Given data:
■ ■ ■

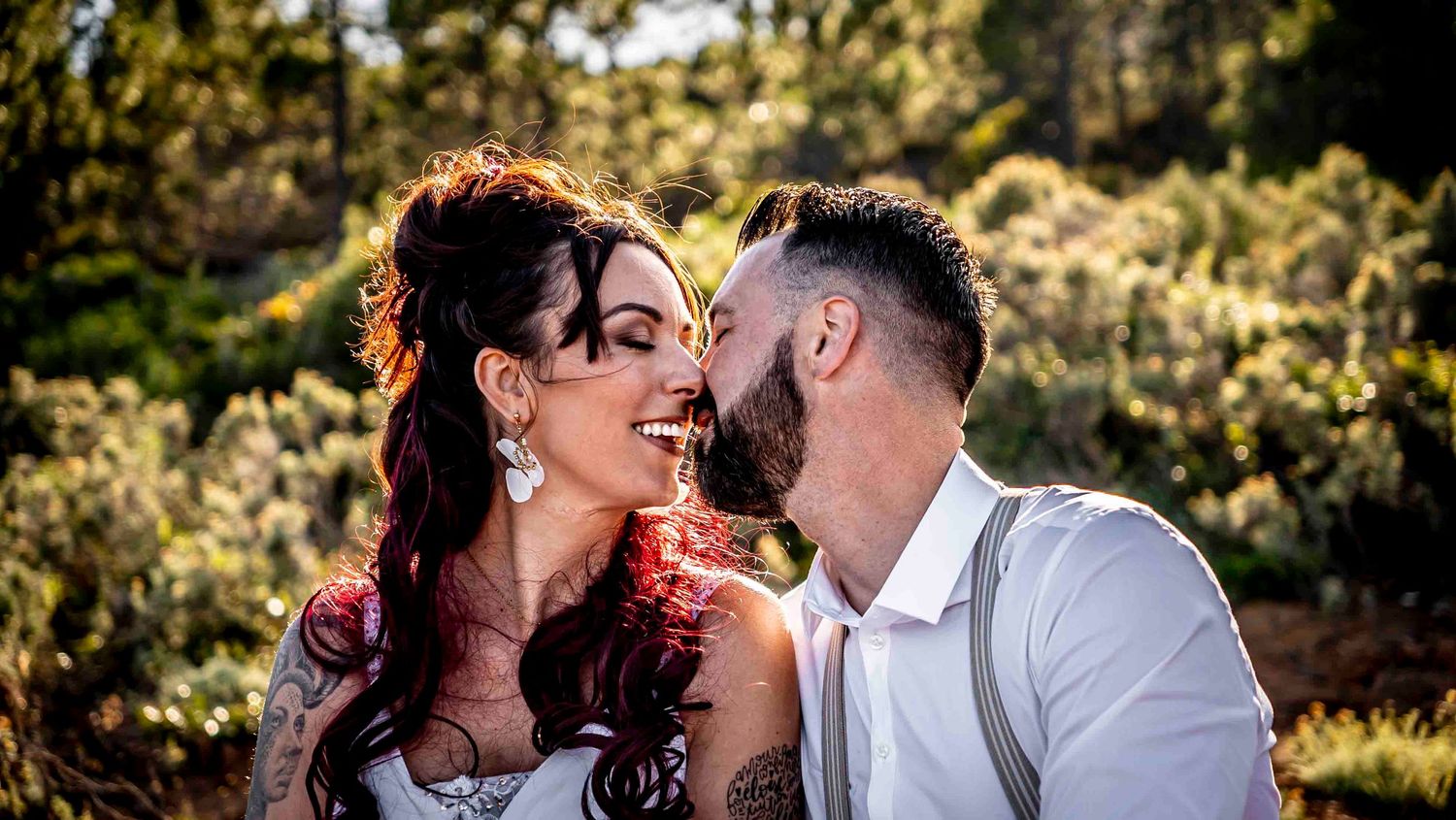 A joyful couple share a romantic moment outdoors in a garden setting on their wedding day.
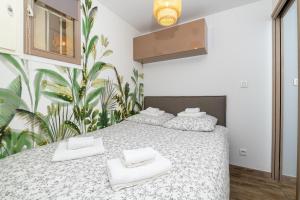 锡富尔勒普拉日Le Verd'ô - Piscine - Plage - Parking - Wifi - MyBestLoc的一间卧室配有两张床和白色毛巾。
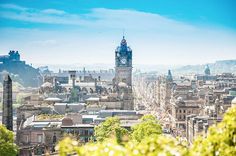 a view of a city with tall buildings and a clock tower in the distance,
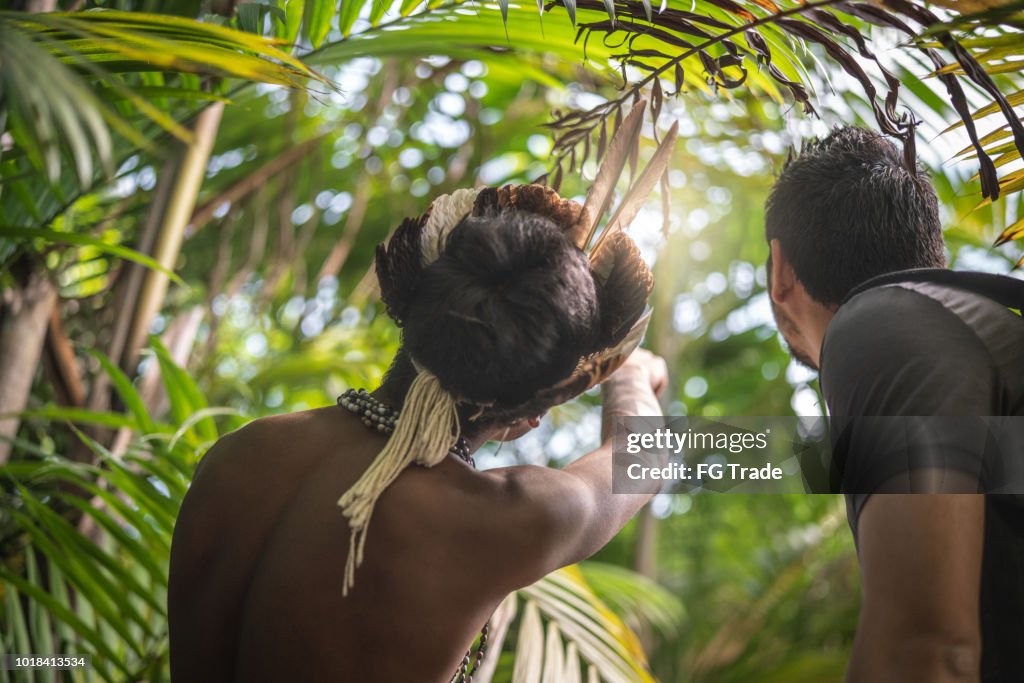 Indigenous Brazilian Young Man from Guarani ethnicity Showing the Rainforest to Tourist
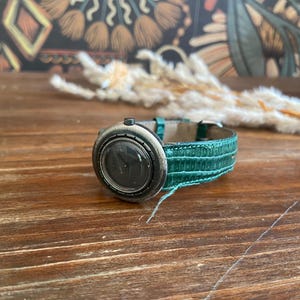Puede incluir: Un reloj de pulsera vintage con esfera oscura y bisel plateado. El reloj tiene una correa de cuero verde turquesa. El reloj está sobre una superficie de madera. Un accesorio único.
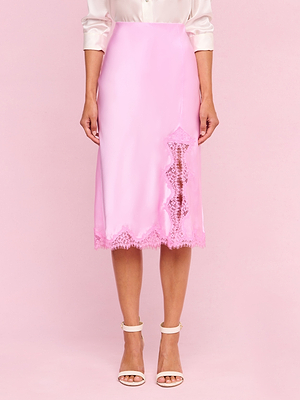 A woman stands against a pink background wearing the Tico Silk Lace Skirt from the Legally Blonde collection, paired with a white blouse and white high-heeled sandals.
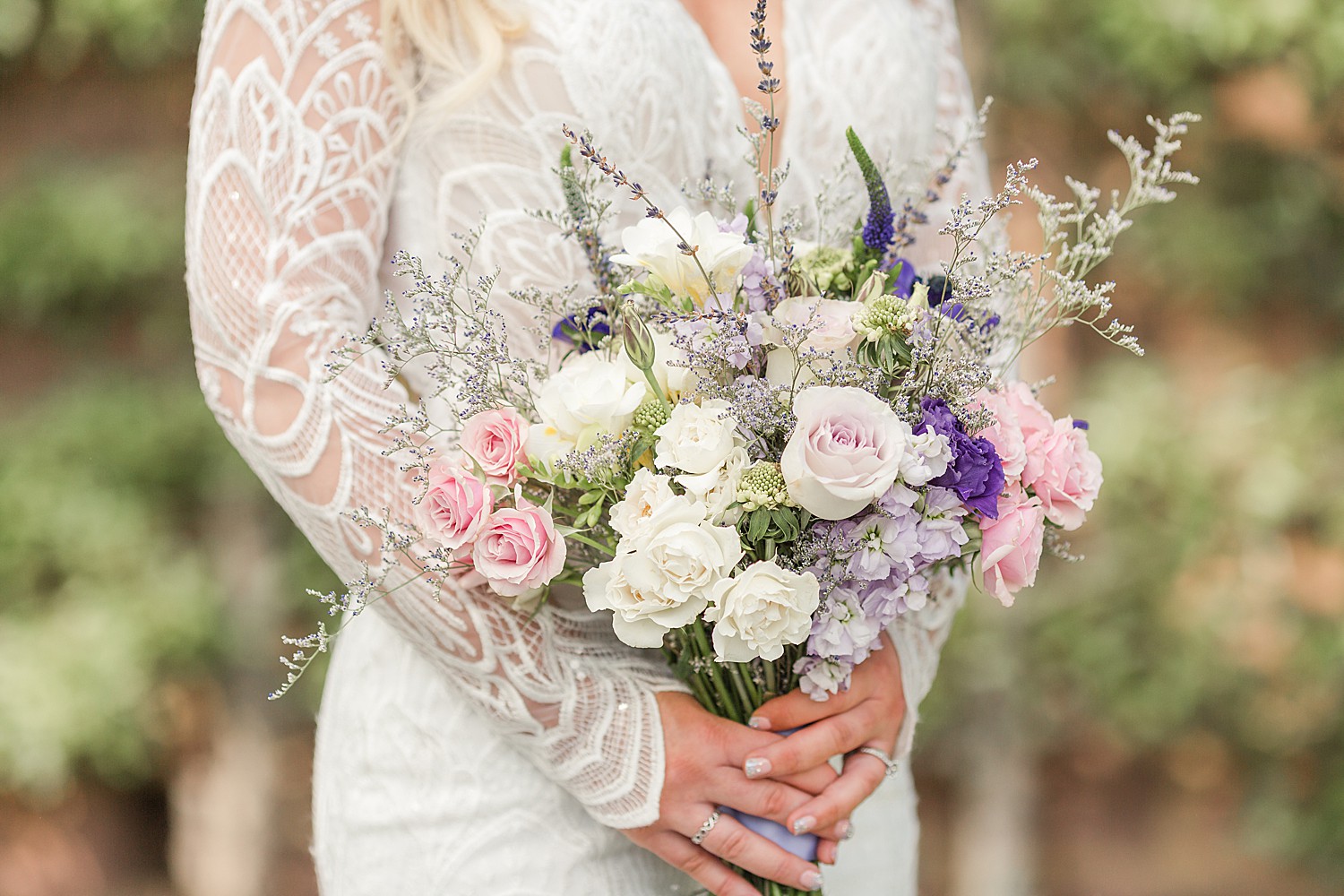 elegant wedding bouquet of light pink and purple and white flowers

■ ■ ■

Work order:
Drop the pictures and copy the data exactly.

Answer box:
 A joyful couple share a romantic moment outdoors in a garden setting on their wedding day.
 锡富尔勒普拉日Le Verd'ô - Piscine - Plage - Parking - Wifi - MyBestLoc的一间卧室配有两张床和白色毛巾。
 a view of a city with tall buildings and a clock tower in the distance,
 Indigenous Brazilian Young Man from Guarani ethnicity Showing the Rainforest to Tourist
Puede incluir: Un reloj de pulsera vintage con esfera oscura y bisel plateado. El reloj tiene una correa de cuero verde turquesa. El reloj está sobre una superficie de madera. Un accesorio único.
 A woman stands against a pink background wearing the Tico Silk Lace Skirt from the Legally Blonde collection, paired with a white blouse and white high-heeled sandals.
 elegant wedding bouquet of light pink and purple and white flowers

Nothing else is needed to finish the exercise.